Selain melihat proses bisnis di industri kerajinan perak, sebelumnnya mahasiswa diajak berkunjung ke PT Sarihusada Generasi Mahardhika (SGM) Prambanan Factory, sebuah perusahaan yang memproduksi berbagai produk nutrisi untuk ibu hamil & menyusui dan anak. Mereka diajak berkeliling pabrik untuk melihat bagaimana proses produksi susu, pengemasan yang melewati pengecekan berlapis, hingga penyimpanan produk di gudang.
Dewi Puspitasari, mahasiswa jurusan Bisnis Digital Universitas Negeri Surabaya berdecak kagum saat mengetahui bahwa bahan yang tak lolos standar bukan dibuang, bahan melainkan diolah menjadi pakan ternak. “Inovasi zero waste-nya luar biasa. Ini bentuk nyata keberlanjutan yang nyata,” ucapnya antusias.
Di lain hari peserta GSW 2025 juga diajak berkunjung ke Paradise Batik, sebuah industri tekstil yang mengusung prinsip green industry ramah lingkungan. Di sinilah para peserta mengenal lebih dalam tentang prinsip green industry yang mereka dengar dalam kelas. Pada kunjungan itu, mereka melihat bagaimana perusahaan ini memanfaatkan kain perca batik diubah menjadi busana baru yang menarik dan bernilai jual.
Namun yang paling memukau adalah ketika mereka tiba di area mencanting dimana proses menggambar motif batik dengan malam panas di atas kain mori dilakukan. Mikkel Stjernholm Micheelsen, mahasiswa dari Copenhagen Business School, mencobanya langsung.
“Mencanting ternyata sangat menantang. Ini tidak sesederhana melukis di kanvas karena lilin cair dapat meluber jika tidak hati-hati. Saya jadi lebih menghargai kerumitan batik,” ucapnya.
Nurul Natasya binti Ismayudin, mahasiswa University of Canterbury turut menyampaikan kekagumannya terhadap batik. Menurutnya, batik adalah seni yang sangat istimewa karena membutuhkan banyak kesabaran dan fokus untuk menciptakan desain dan hasil akhir yang begitu indah.

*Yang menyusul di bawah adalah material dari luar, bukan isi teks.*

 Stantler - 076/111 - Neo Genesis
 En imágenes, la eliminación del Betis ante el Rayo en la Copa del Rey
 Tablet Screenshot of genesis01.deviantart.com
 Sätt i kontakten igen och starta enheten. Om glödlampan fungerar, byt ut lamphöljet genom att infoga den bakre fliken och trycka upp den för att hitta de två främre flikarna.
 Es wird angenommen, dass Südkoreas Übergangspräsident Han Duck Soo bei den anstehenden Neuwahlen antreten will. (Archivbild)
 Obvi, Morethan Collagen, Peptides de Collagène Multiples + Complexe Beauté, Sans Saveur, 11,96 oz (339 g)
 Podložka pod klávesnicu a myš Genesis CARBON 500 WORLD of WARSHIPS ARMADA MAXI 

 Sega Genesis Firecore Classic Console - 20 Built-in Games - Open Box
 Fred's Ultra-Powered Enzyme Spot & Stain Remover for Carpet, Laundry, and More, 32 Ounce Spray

“Setiap polanya yang unik dan memiliki makna di balik setiap desainnya. Benar-benar menunjukkan kekayaan budaya Yogyakarta,” ucapnya.
Destinasi terakhir dalam rangkaian eksplorasi bisnis ini adalah Rumah Sakit Akademik (RSA) UGM. Disini peserta diajak mengenal lebih dekat bagaimana RSA UGM mengintegrasikan pelayanan kesehatan, inovasi teknologi medis, dan pariwisata kesehatan dalam satu ekosistem pelayanan.
Field trip ini merupakan bagian dari Business Immersion Project dalam program Global Summer Week 2025. Melalui pengalaman langsung di industri, para peserta tidak hanya memperluas wawasan tentang praktik bisnis berkelanjutan, tetapi juga mendapatkan inspirasi nyata tentang bagaimana nilai-nilai keberlanjutan dapat diintegrasikan dalam kegiatan ekonomi. Pendekatan ini diharapkan dapat memperkuat pemahaman mereka sebagai calon pemimpin masa depan yang peduli terhadap dampak sosial dan lingkungan.